Choropleth map using Folium

Building a Self-Service Reporting Tool

The crime incident data is much richer than just locations and districts. It also contains variables like categories, dates and times. This creates the opportunity to, for instance, get better insights in specific sorts of incidents. To avoid making maps for all combinations of variables, I used Domino's "Launcher" feature to let others create their own maps based on their parameters.

Opening Folium project in Domino

A Launcher in Domino is a self-service web form that lets non-technical users run your script. To create one, we just need to specify what parameters to expose through the web form.

My launcher will have two parameters:
1. "Dayofweek" is a multi-select list and contains all the days of the week.
2. "Category" is a select menu with all the incident categories that are in the data.

Out of laziness, I decide to create a little script to create the list of categories that occur in the data.

Python script for categorizing data for Folium project

I copy paste the result of the second cell into the Allowed Values field in the newly created launcher.

The script that handles the launcher requests is main.py. This next bit of code handles the user input and uses it to filter the dataset:

args = sys.argv
dayselect = args[1].split(",")
crimeselect = args[2]

daycond = crimedata["DayOfWeek"].isin(dayselect)
crimecond = crimedata["Category"] == (crimeselect)

filtered_crimedata = crimedata[crimecond & daycond]

Now that we have category and description information, why not use it as a popup for the markers? Just add popup=each[1]['Category'] + ": " + each[1]['Descript'] to the parameters of the marker placement function. Main.py contains both the marker map code and the choropleth code.

Now we can create maps using the launcher. The following (static) map shows the drugs and narcotics related incidents in the weekends (Saturday & Sunday). Zooming in on the created map will make the clusters split. The blue markers refer to individual incidents. It is probably no surprise to see that most drug related incidents take place in and near the Tenderloin area.

San Francisco map with crime incident clusters in choropleth

It also creates a choropleth map like this one, telling a story similar to the map with markers.

choromap-san_francisco

Bonus: Comparing Maps

Now that we have created the code and launcher like this, we can use the Domino comparison feature to put multiple maps side by side.

I had two separate runs from the launcher, one with burglaries in the weekend and one during weekdays. Both runs succeeded. The next step is to select both runs and hit compare at the top.

Comparing folium maps in Domino Data Lab Enterprise MLOPs Platform

A page will open which contains a comparison of both runs. The nice part is that it will put the maps next to each other.
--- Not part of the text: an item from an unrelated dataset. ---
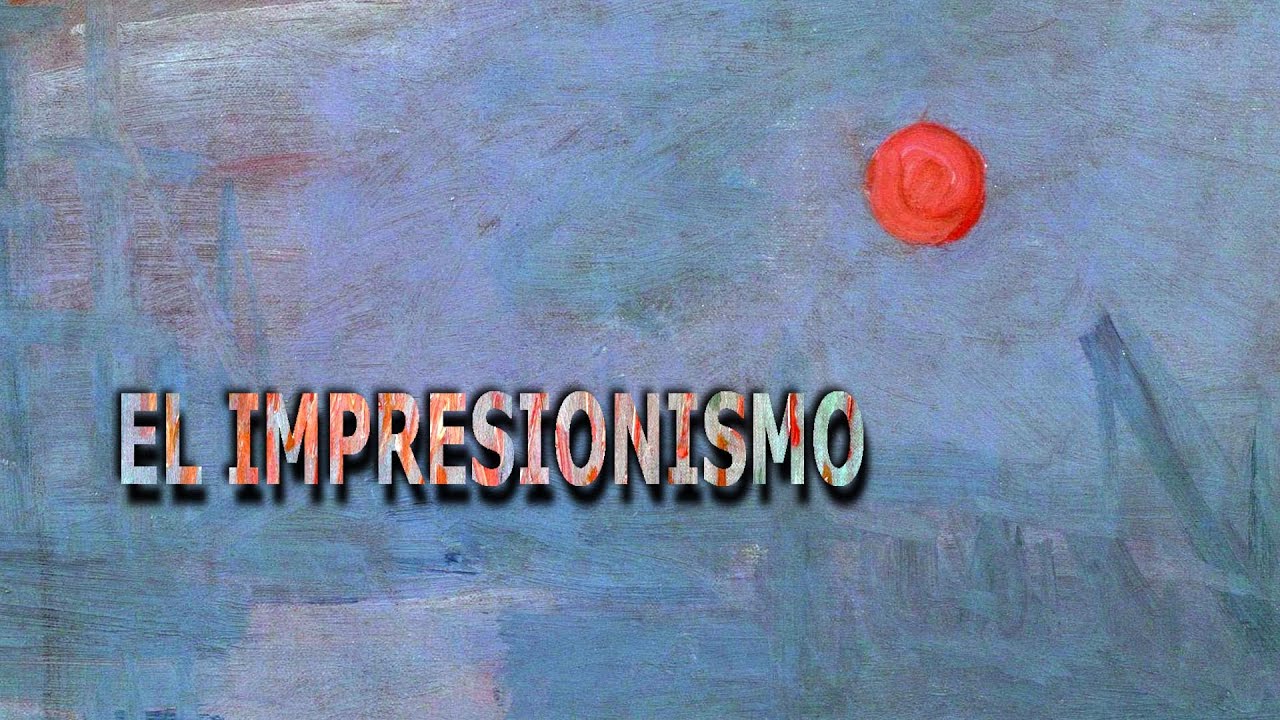 El Impresionismo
This way we can easily see that, in case of our example, burglaries seem more evenly spread over San Francisco in weekends than during weekdays.

Domino Data Lab Enterprise MLOPs Platform comparing maps

So there we have it, a pretty easy way to create and compare maps. I didn't find very shocking crime incident trends, yet. So feel free to share your most interesting finds in the comments.